2 - A notificação fornece o projeto de decisão e demais elementos necessários para que os interessados possam conhecer todos os aspetos relevantes para a decisão, em matéria de facto e de direito, indicando também as horas e o local onde o processo pode ser consultado.
3 - No caso de haver sítio na Internet da entidade em causa onde o processo possa ser consultado, a notificação referida no número anterior deve incluir a indicação do mesmo para efeitos de o processo poder também ser consultado pelos interessados pela via eletrónica.”.
Após transcrever os pontos 2 a 5 do “projecto de decisão final” sobre o qual recaiu a pronúncia da Requerente expedida em 12 de Outubro de 2016, e os pontos 8 a 10 da decisão final concluiu-se na sentença recorrida que “já no projecto de decisão comunicado – em Setembro – Outubro de 2016 se fundava a decisão (a adoptar) pela Administração - em 22.06.2018 - na ausência da “pista de controlo” de determinadas e concretas despesas apresentadas - referentes a serviços subcontratados pela Requerente - conjuntamente com os três pedidos de pagamento deduzidos no âmbito da operação em apreço, conforme consagrado no artigo 33.º do Regulamento (UE) n.º 65/2011 de 27 de Janeiro.

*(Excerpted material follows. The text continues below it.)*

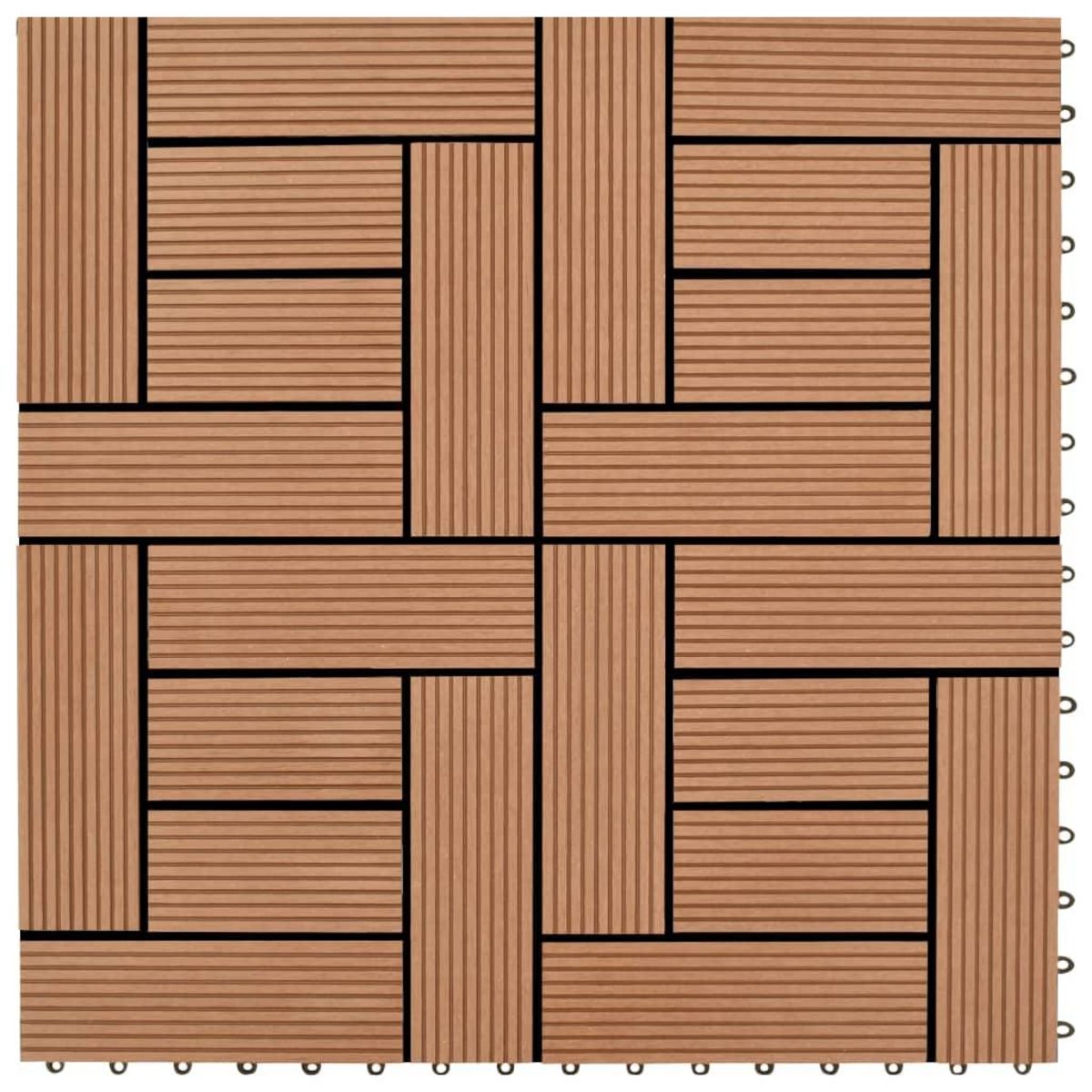 VIDAXL Carreaux de terrasse 30x30 cm 11 pcs Marron WPC 1 m2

Neste contexto, de igual forma, há que afastar a probabilidade de vencimento, neste estrito domínio, da acção administrativa principal, nos termos e para os efeitos previstos no n.º 1 do artigo 120.º do CPTA.”.
E o assim decidido não merece qualquer censura, pois, a sentença recorrida confrontou o teor do projecto de decisão com o teor do acto suspendendo, tendo concluído de forma correcta que efectivamente a decisão final não diverge do projecto de decisão.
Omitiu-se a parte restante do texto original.